If you consider they extra info to be a Z coordinate then I think the
problems are the same if not very similar. Your P(0.8,0.55) would
simply be the Z axis for a 2d voxel.

On 1/2/06, Elia Cogodi <eliacogodi at tin.it> wrote:
> Mail monster ate my Dec 30 post, so here it is again...
>
> Disclaimer: I don't know the insides of Cairo or X or RENDER _at all_.
> I am merely a curious, grateful reader and end-user, intrigued enough to
> go and read the Porter-Duff article referenced, I think, by keithp.
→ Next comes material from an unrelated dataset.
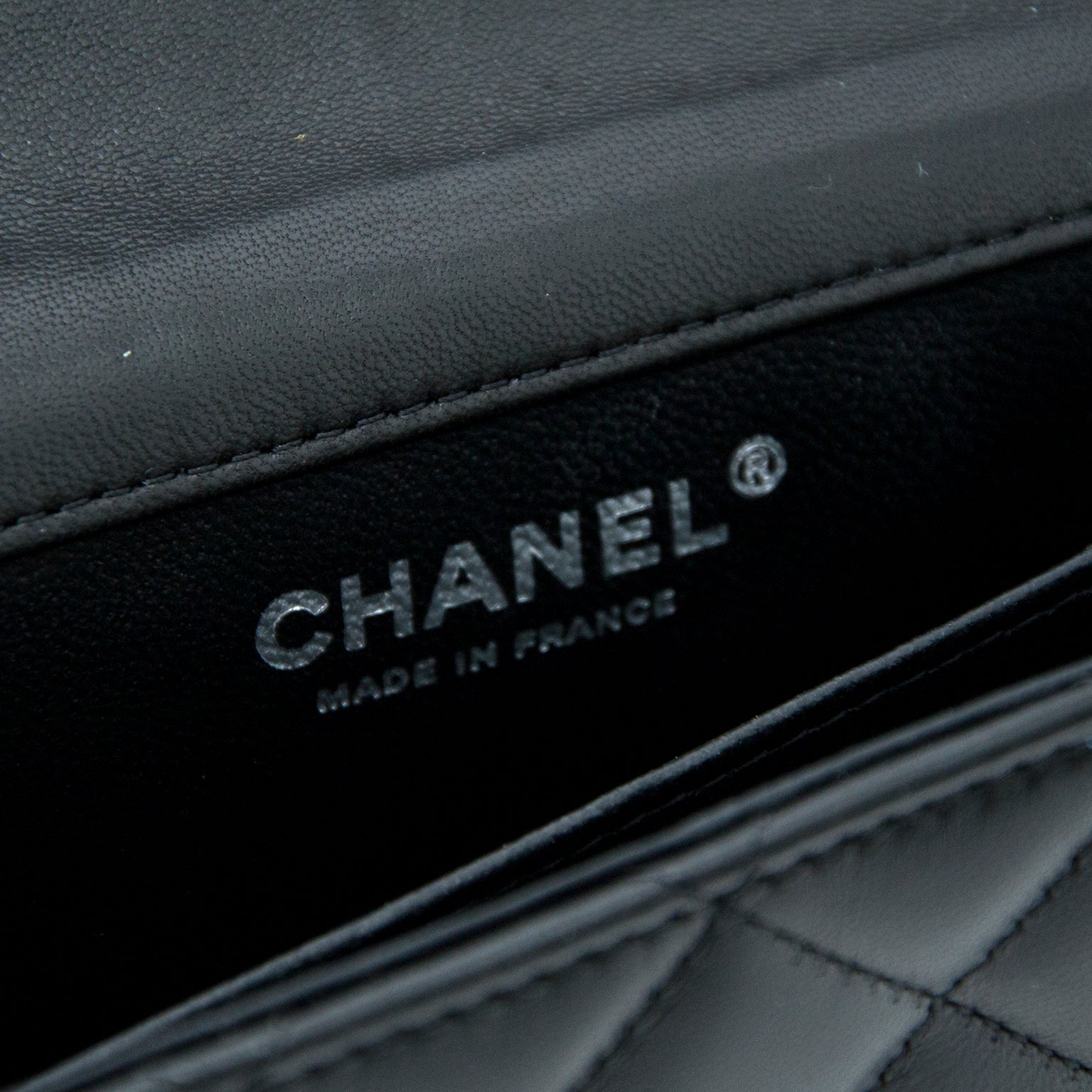 comme neuf sac a main iconic Chanel Black Extra Mini Classic Flap Bag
> Thus the things I say might not have much sense code-wise, given the
> current structure of the code, the needs to resort to given data formats
> for hw acceleration and so on. By reading this disclaimer you silently
> agreed to not kick me if I say something totally useless :)
>
> I've often seen supersampling suggested as a viable tradeoff in the
> direction of: more memory needed, less seams/border problems
>
> But as someone pointed out, we're just losing information about the
> geometry of covering colours at sub-pixel level each time we use AA
> to render to a final RGB. Even by adding alpha channel in intermediate
> state doesn't work well enough in some cases, as it only measures the
> average covering. By supersampling we're just reducing this problem,
> but it's intrinsic into this way of rasterizing arbitrary geometries
> to a pixel grid. But shouldn't we better invest the extra memory
> consumption in a smarter way, closer to the source of the problem?
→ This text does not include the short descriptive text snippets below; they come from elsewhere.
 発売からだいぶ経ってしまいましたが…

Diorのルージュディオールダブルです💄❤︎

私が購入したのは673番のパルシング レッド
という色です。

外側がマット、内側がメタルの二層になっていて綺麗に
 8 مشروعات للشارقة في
> Basically it's mostly about polygon edges, so why can't we bring a
> little amount of quantized geometry information with every pixel,
> detailing the simplest significant entity, ie a covering semiplane?
>
> I suck at ASCII art, but the idea is simple: here's a pixel
>
>     0    .08       .25
> 1.0 +----+---------+
>     |     \########|
>     |      \#######|
>     |       \######|              R,G,B,A, P=(.08,.55)
>     |        \#####|
>     |         \####|
>     |          \###|
>     +-----------+--+
>     .75        .55 .50
>
> Parametrize the edge of the pixel with a float, for example clockwise,
> in the range of a semi-closed interval [0,1.0[. Define the P channel of a
> pixel with an ordered couple of numbers in this range. The idea is that
> the couple of numbers defines the intersecting segment of a coloured
> semiplan over the pixel. The ordering guarantees we know the
> orientation,
> for example defining it so that the covered part is on the left when
> going from P1 to P2.
>
> Thus, in the intermediate internal states we would add not only the A
> channel to the RGB components, but we would also have to bring along the
> P channel (its esact bitwise coding and size is not that important. It
> is more expensive memory-wise than A in describing the average covering,
> but less expensive than a detailed enough NxN supersampling)
>
> Then all Porter-Duff operators would have to be extended so that they
> output not only the resulting alphas, but also a 'resulting average
> geometry' P for the output pixel. So given two colors with different
> P coverages:
>
>
>  +-+------+             +--------+         +--------+
>  |  \#####|             |@@@@@@@@|         |$$$$$$$$|
>  |   \####|    OVER     |--------|   ->    |  ^$$$$$|
>  |    \###|             |        |         |     ^$$|
>  +-----+--+             +--------+         +--------+
>
> (well, I don't have the ascii to draw the slope in the resulting pixel,
> but I have faith in your good will and imagination :) )
>
> The 'average geometry' can surely be formalized with weights based
> on the alpha components etc... I'm pretty sure a reasonable formula can
> be figured out for each operator.
>
> You see where I'm going: in the intermediate step this extra information
> solves some of our problems.
> 1) seams between exactly adjoining polygons simply disappear, because
> there's enough geometric information to know when a pixel is exactly
> covered.
> 2) drawing B OVER A no longer has the color A 'polluting' the
> antialiased borders of B even when B completely covers A, save for
> errors introduced by quantizing the geometry.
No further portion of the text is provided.